_Provided entries_

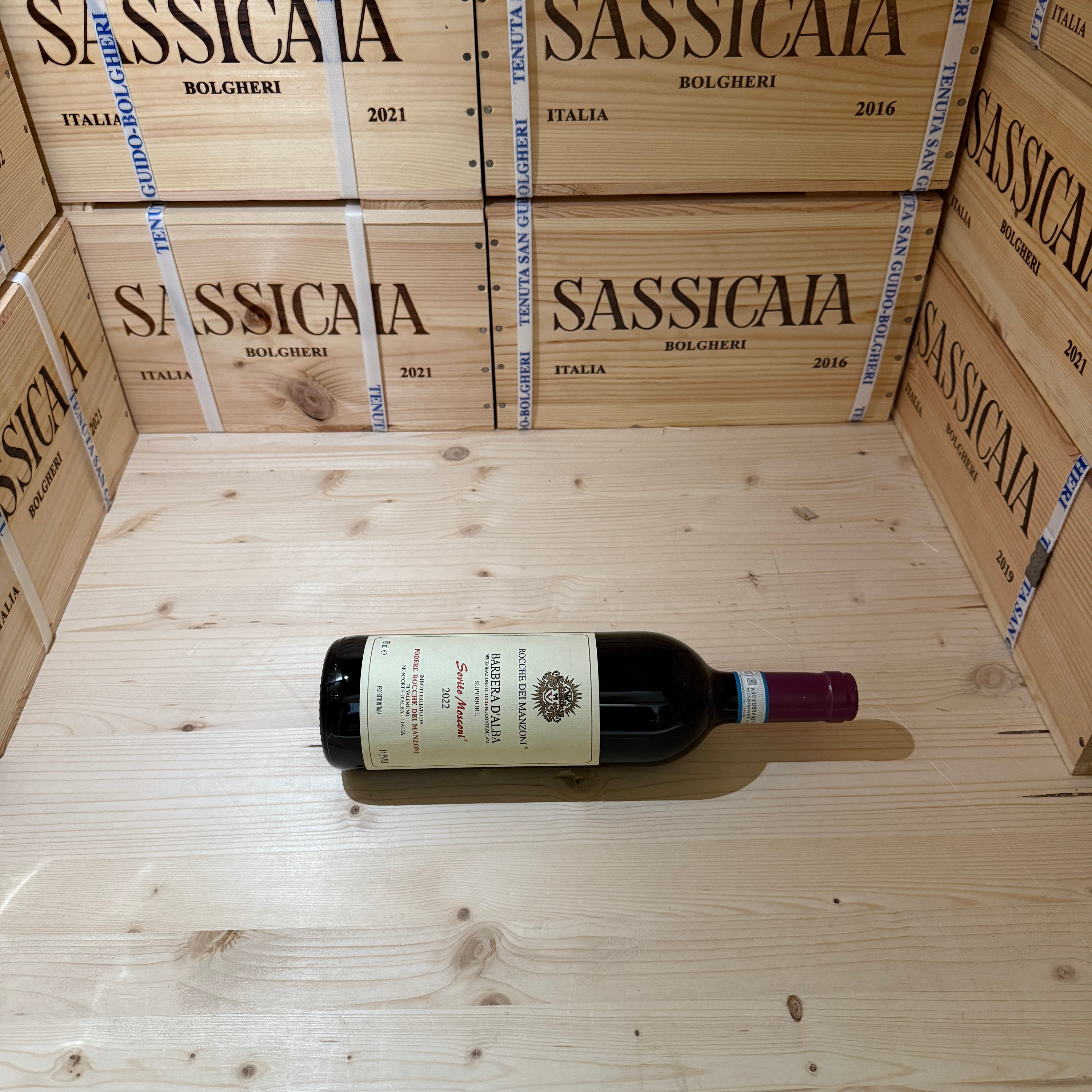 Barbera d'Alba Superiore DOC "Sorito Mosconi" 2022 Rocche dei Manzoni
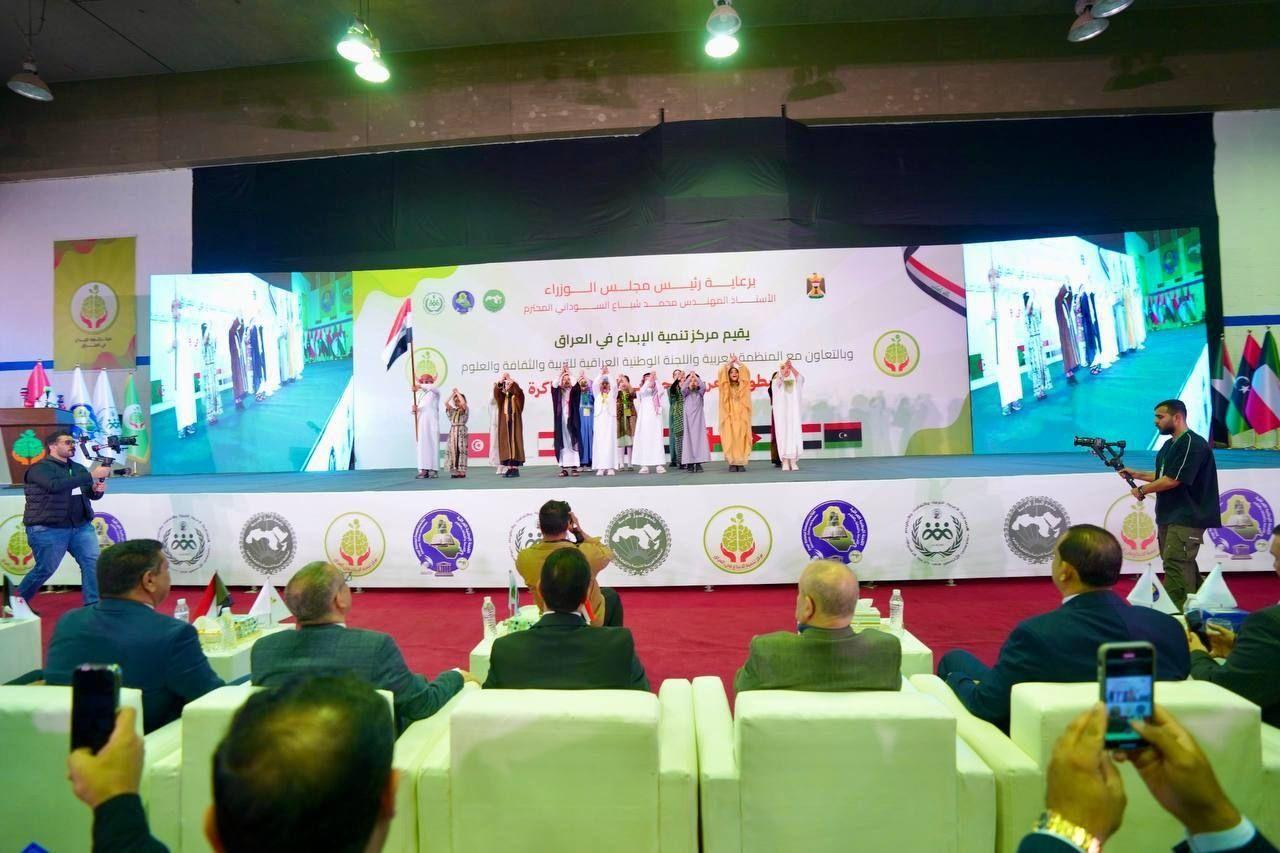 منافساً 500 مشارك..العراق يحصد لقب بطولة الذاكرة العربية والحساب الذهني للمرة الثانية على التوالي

...

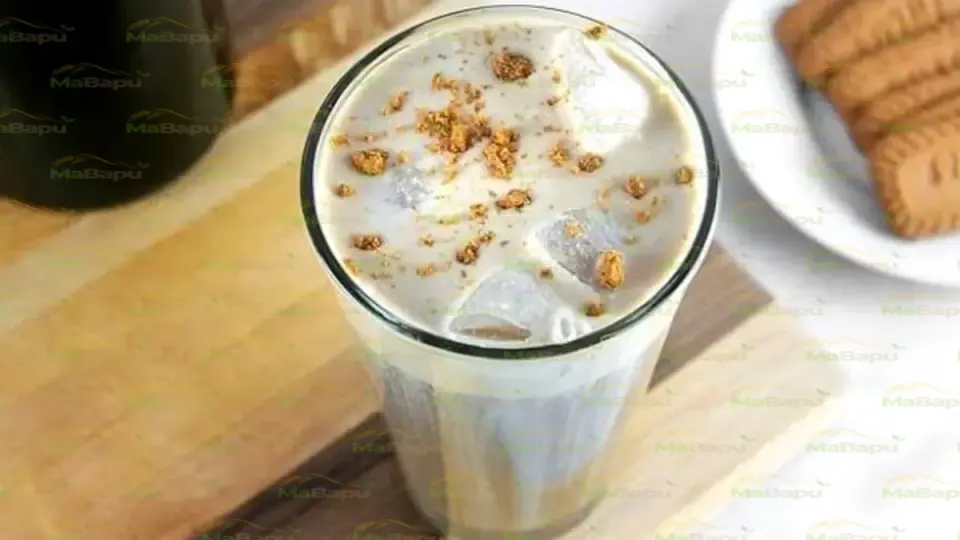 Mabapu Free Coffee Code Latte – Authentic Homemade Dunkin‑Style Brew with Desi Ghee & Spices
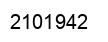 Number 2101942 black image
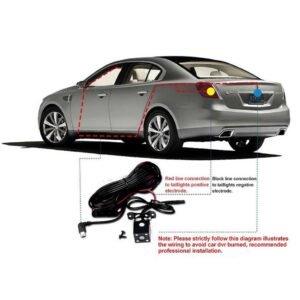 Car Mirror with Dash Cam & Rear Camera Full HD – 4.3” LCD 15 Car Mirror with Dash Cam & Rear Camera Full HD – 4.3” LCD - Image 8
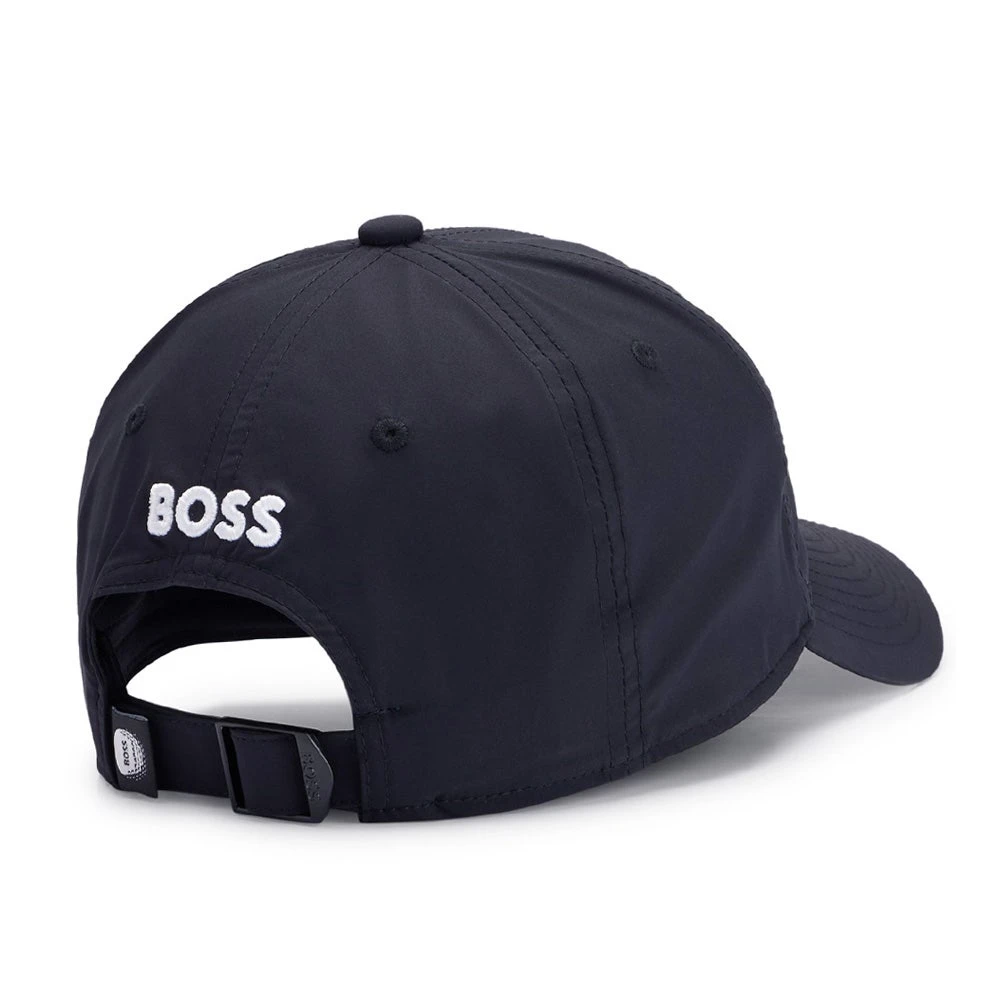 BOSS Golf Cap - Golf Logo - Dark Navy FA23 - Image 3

_Aim of the exercise_
Produce an exact reproduction of the listing above, limited to the lines starting at the line with "Number 2101942 black image" and ending at the line with "BOSS Golf Cap", both kept, with every picture left out.

_Answer section_
 Number 2101942 black image
 Car Mirror with Dash Cam & Rear Camera Full HD – 4.3” LCD 15 Car Mirror with Dash Cam & Rear Camera Full HD – 4.3” LCD - Image 8
 BOSS Golf Cap - Golf Logo - Dark Navy FA23 - Image 3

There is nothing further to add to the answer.